How's that for a contradiction?
"Do you think her usual caterer really canceled on her at the last minute?" Mia asked, her tone as suspicious as Vanessa's had been when her mother had called her less than a week ago to ask them to cater this party.
"It's possible."
She'd like to think her mother was softening, or at least getting used to the idea of a daughter in the-shudder-service industry. Or maybe, actually-big gasp-accepting Vanessa's chosen career and lifestyle rather than doing everything possible to turn her into a society princess and carbon copy of both her and Vanessa's younger sister. But Vanessa wasn't holding her breath.
"I guess I'm a sap for bailing her out," Vanessa continued.
"Since she's done so much to help us."
"She thinks she's doing what's best for me."
"Yeah, well, you're twenty-seven. I'm pretty sure you've figured out what's best for you on your own."
"Hear, hear."
"And we did a classy job. I bet fifty bucks your mother didn't sleep a wink last night, wondering if we'd show up with boob-shaped suckers and a cock-shaped champagne fountain."
Vanessa's eyes widened, and she temporarily shoved aside her vow for peace. She exchanged a knowing look with Mia. "That's not a bad idea."
"For that bachelorette party this weekend."
"We could have champagne spurting out the top."
"Crude, but fun."
"My mother really would faint."
Mia flicked her hand in dismissal. "Well, she's not going to be there, is she? And let's quit talking about her. It's too frustrating." She craned her neck to try to see around and over the crowd. "This place is a crush. Somehow the staid and boring really have found their own place in the world. Imagine that. Still, there's got to be at least one scrumptious, eligible man-oh, my God. What's he doing here? Hide me."

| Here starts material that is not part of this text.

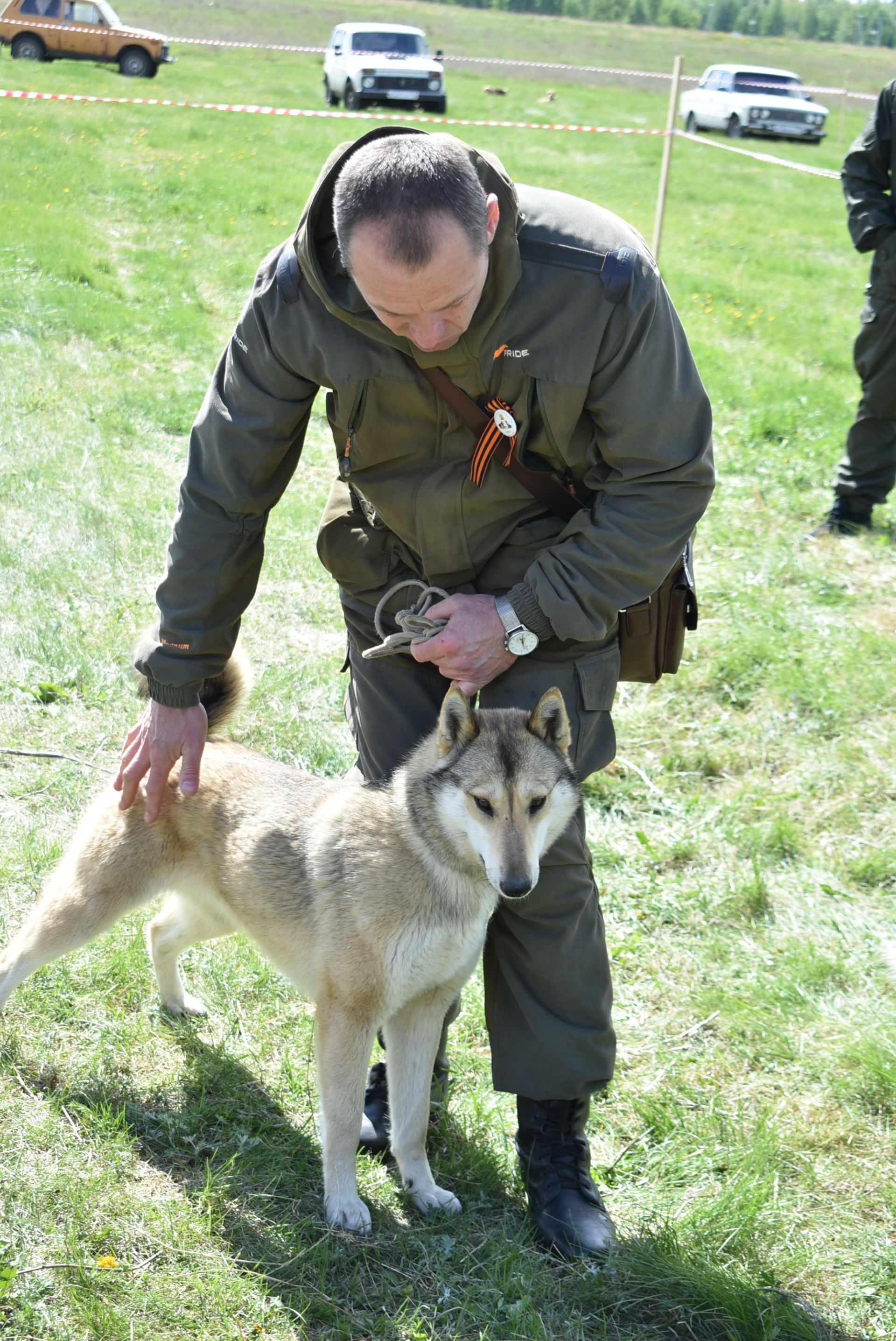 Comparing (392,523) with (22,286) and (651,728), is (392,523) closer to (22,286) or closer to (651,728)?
(651,728)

Vanessa looked around and quickly spotted the problem-Colin Leavy was heading their way. He'd been in love with Mia ever since he'd come into their bakery and catering shop to order a cake for his mother's birthday two years ago. Unfortunately, he was an accountant and the epitome of staid, so Mia wouldn't have anything to do with him.
Vanessa thought he was cute, and his devotion to Mia adorable. She might even reveal her chocolate-cheese-cake recipe to have a man look at her with the devotion Colin showed Mia.

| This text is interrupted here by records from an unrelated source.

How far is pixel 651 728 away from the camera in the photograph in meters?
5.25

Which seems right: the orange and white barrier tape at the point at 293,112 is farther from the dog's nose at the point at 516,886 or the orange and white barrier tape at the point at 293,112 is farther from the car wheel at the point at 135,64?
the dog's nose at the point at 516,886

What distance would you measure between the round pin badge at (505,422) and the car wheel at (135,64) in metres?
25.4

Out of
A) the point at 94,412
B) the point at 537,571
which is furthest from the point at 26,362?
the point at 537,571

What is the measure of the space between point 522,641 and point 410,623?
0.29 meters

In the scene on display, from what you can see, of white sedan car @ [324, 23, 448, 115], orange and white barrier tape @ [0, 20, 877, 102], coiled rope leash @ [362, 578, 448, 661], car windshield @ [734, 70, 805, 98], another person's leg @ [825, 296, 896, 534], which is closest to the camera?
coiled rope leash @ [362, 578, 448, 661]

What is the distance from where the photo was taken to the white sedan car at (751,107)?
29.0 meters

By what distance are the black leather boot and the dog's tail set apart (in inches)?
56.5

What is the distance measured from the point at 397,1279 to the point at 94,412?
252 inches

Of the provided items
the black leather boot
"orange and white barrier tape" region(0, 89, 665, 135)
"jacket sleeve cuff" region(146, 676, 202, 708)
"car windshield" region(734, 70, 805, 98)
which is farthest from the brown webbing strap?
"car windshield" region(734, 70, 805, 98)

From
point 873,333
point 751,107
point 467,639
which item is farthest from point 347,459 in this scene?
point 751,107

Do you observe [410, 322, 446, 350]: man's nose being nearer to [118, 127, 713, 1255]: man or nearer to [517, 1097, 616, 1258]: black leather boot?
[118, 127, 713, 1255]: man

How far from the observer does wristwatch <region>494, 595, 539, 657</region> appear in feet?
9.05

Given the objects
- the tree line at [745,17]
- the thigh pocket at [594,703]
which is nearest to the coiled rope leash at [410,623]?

Somehow, in her relationships, Vanessa always managed to be the pursuer, not the pursuee. Because she knew what she wanted? Because she knew how to get what she wanted? Or because she impulsively jumped in with both feet without bothering to ask too many questions?

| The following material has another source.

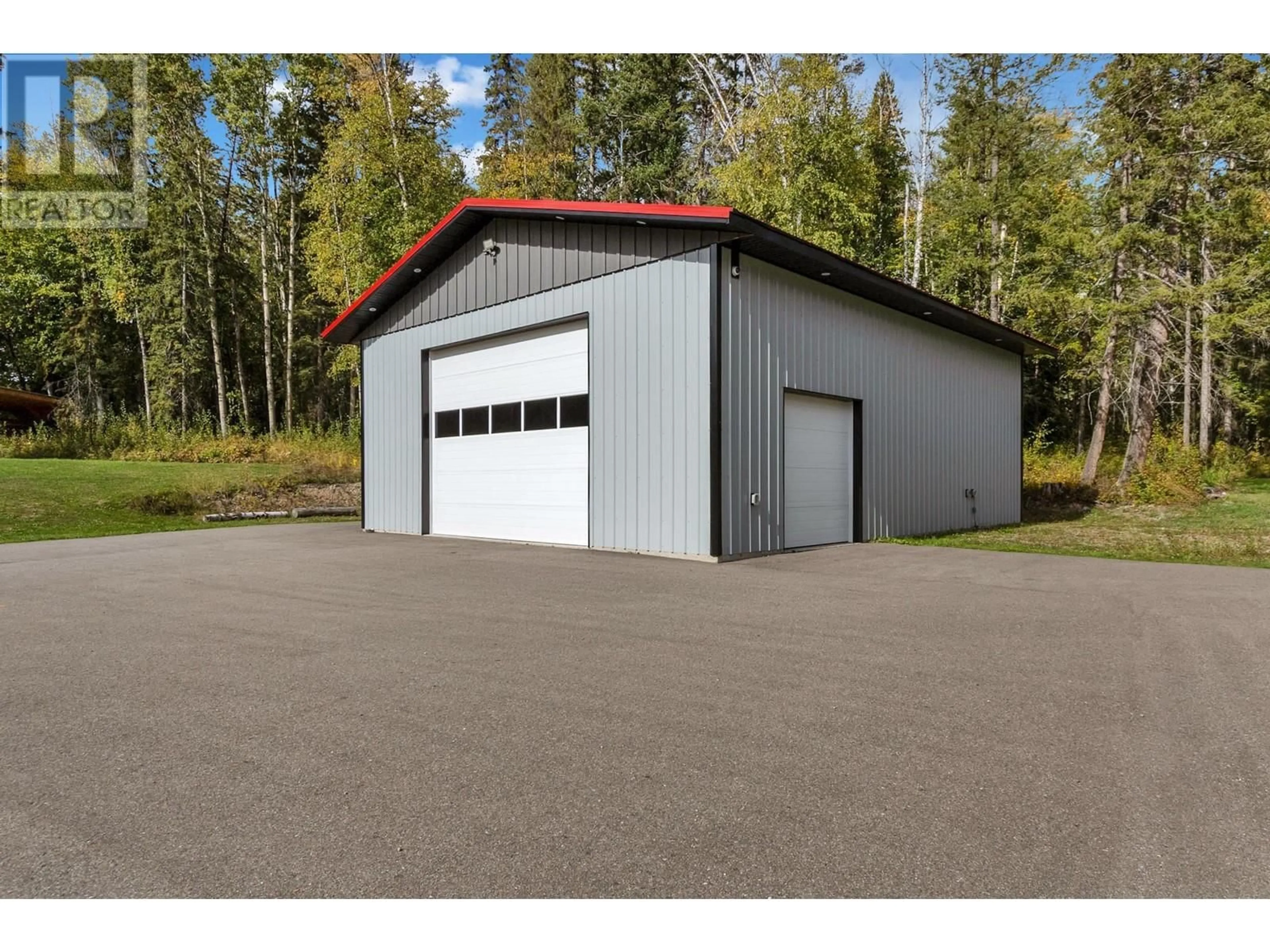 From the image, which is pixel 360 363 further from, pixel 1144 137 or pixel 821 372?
pixel 1144 137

She highly suspected it was the latter, especially after the last guy she'd gone out with that turned out to have a fiancée.
"Good grief," she said to her partner. "There are worse things in life than having a bright, successful man grovel at your feet."
"Depends on the man."
As Colin approached, and Mia realized she didn't have anywhere to hide, she simply crossed her arms over her chest.
"Hi, Mia. Would you like to dance?"
"I'm work-"
Vanessa pushed her friend forward. "She'd love to."
Mia glared at her over her shoulder. "But, I-"
"Come on, Mia," Colin said. "Please."
Who could resist those sweet, puppy-dog-brown eyes?
Apparently not even Mia, who sighed, but held out her hand to take Colin's. Vanessa hoped she let him lead.
While her partner was dancing, Vanessa roamed the perimeter of the room, making sure the platters of appetizers and pastries were filled, and the waitstaff kept the drinks flowing. The party doubled as a fund-raiser for a local children's hospital, so once her mother presented the check to the chairperson at 10:00 p.m., the crowd would probably disperse and Vanessa and Mia would be free to clean up and go. Still, it would be midnight before they got home, as they had to pack everything, then run it all through the industrial-quality dishwasher at the shop.